The insurance business is supposed to be simple and relatively stable. It's not difficult to sell insurance, collect premiums, hedge your risk elsewhere with re-insurers and then invest the remaining premiums conservatively.
So what the hell happened? AIG (NYSE:AIG) allowed an unhedged fund to operate from within and a tiny 400 person division brought down a giant that employed 125,000. Hartford (NYSE:HIG), Prudential (NYSE:PRU), Lincoln National (NYSE:LNC), MetLife (NYSE:MET) and Genworth (NYSE:GNW) are all suffering the same fate. All are facing ratings agency downgrades based on capital ratios that fall with the stock market.

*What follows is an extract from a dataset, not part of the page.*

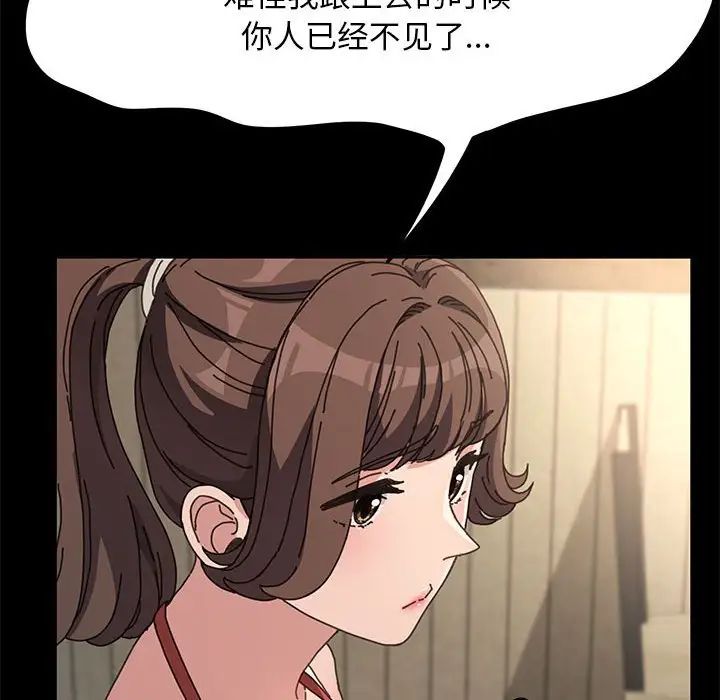 赘婿要通吃第19话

The culprit in this mess are guaranteed variable annuity contracts. A relatively new phenomenom in the annuity business, guarantees on annuity returns are irresponsible and should never have been allowed to exist. I don't remember which insurance company first got the bright idea to offer a minimum guaranteed return for their investors, but once launched by 1, the other firms soon followed with similar guarantees.

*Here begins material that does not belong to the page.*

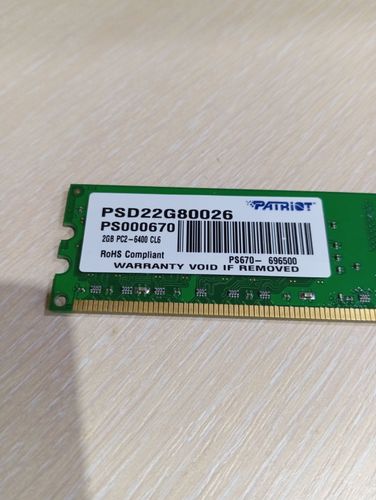 Оперативная память DDR2 2 Гб 800 МГц.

Insurance regulators whistled by the graveyard and made no effort to stop or even slow down the proliferation of these contracts and the rest is history. Sure, there were no evident problems during the bull market of the past 13 years, but once markets began correcting it was simply a matter of time until these guarantees began to destroy capital cushions at all of the above firms.
Big deal, you say. Let these insurers go belly-up if they can't raise new capital. One small problem. Millions of Americans have their retirement savings in annuities and millions more have life insurance policies with the above firms. Our fragile system could not withstand a large run by policy holders to cash out their life insurance policies, as these companies operate like banks and only keep a small percentage of assets in liquid form.
So to prevent disaster, you will soon be asked to give half a trillion or so of borrowed money in order to save these life insurers all because of their goddamned guarantees on variable annuity returns. They won't ask for $500 billion all at once, because the sheeple might actually notice and complain. Instead we'll wake one morning soon to hear that Treasury has given $100 billion to the industry and that the problem is now solved.
Does the pattern sound familiar? It should. The government assault on taxpayers to rescue big business is always incremental. Drip, drip, drip until we drown.